NVC was performed to identify SSc patients with the “Late” pattern of microangiopathy, and to calculate the microangiopathy evolution score (MES)^9,10. Absolute CN was also calculated according to standardized methods¹⁰.

At baseline, 21 patients showed lcSSc (91%), 2 dcSSc (9%), 9 DU (39%), 17 esophageal dysmotility (74%), 11 interstitial lung disease (ILD; 48%), and 2 renal involvement (9%). No patients displayed PAH and/or heart involvement. In addition, 9 patients were found positive for anticentromere (ACA), 10 for anti–Scl-70, and 1 for anti-RNA polymerase III antibodies. At the end of 5 years of followup, 15 patients showed lcSSc (65%), 8 dcSSc (35%), 11 new DU (48%), 21 esophageal dysmotility (91%), 22 ILD (96%), and 5 renal involvement (22%). Finally, 2 patients showed PAH (9%) and 3 showed heart involvement (13%; Table 1).

A progressive statistically significant decrease in CN (p < 0.0001), forced vital capacity (FVC; p = 0.0001), and DLCO (p < 0.0001) values was observed from baseline to 5 years, as well as a progressive statistically significant increase in renal arterial RI (p < 0.0001), total DU (p < 0.0001), mRSS (p = 0.0024), and MES (p = 0.01; Friedman test; Table 2).

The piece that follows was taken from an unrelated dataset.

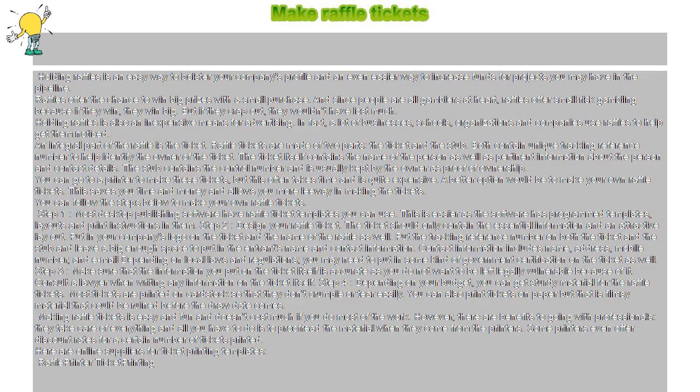Put the tracking reference number on both the ticket and the stub and leave a big enough space to put in the entrant's name and contact information. Contact information includes name, address, mobile number, and email.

PAP was found significantly increased only at 5 years compared to basal values (p = 0.03; Wilcoxon test).

Interestingly, the decrease in CN positively correlated over time with the worsening of FVC and DLCO values (r = 1, p = 0.02; r = 0.94, p = 0.03, respectively), and negatively correlated with the increase in renal arterial RI (r = −0.91, p = 0.03), renal and heart involvement (r = −0.97, p = 0.03 for both), total DU number (r = −1, p = 0.02), PAP values (r = −0.94, p = 0.03), and MES (r = −0.83, p = 0.05). No difference regarding the mean CN was noted between patients with ACA and anti–Scl-70 positivity.

Our present study reports for the first time, to our knowledge, on patients with SSc in the context of the “Late” NVC pattern of microangiopathy, an association between progressive decrease of absolute CN and organ involvement during a 5-year followup, despite different treatments.

It is known that the “Late” NVC pattern represents a bad prognostic factor and a marker of an SSc subset with worse prognosis^1,4,5, but it was not yet known what happens inside an SSc population with the constant “Late” pattern of microangiopathy.

The small sample size is one limitation of our study. This limitation was related to the inclusion criterion to enroll only SSc patients with “Late” NVC pattern of microangiopathy and with a recorded complete medical history and at least 5 years of followup. Further, this was an observational study to follow the progression of SSc damage in a selected cohort of patients, not considering possible effects of ongoing therapies.

Our investigation reports a progressive decrease of the absolute CN in advanced stages of the disease, which significantly correlates with progressive SSc organ involvement.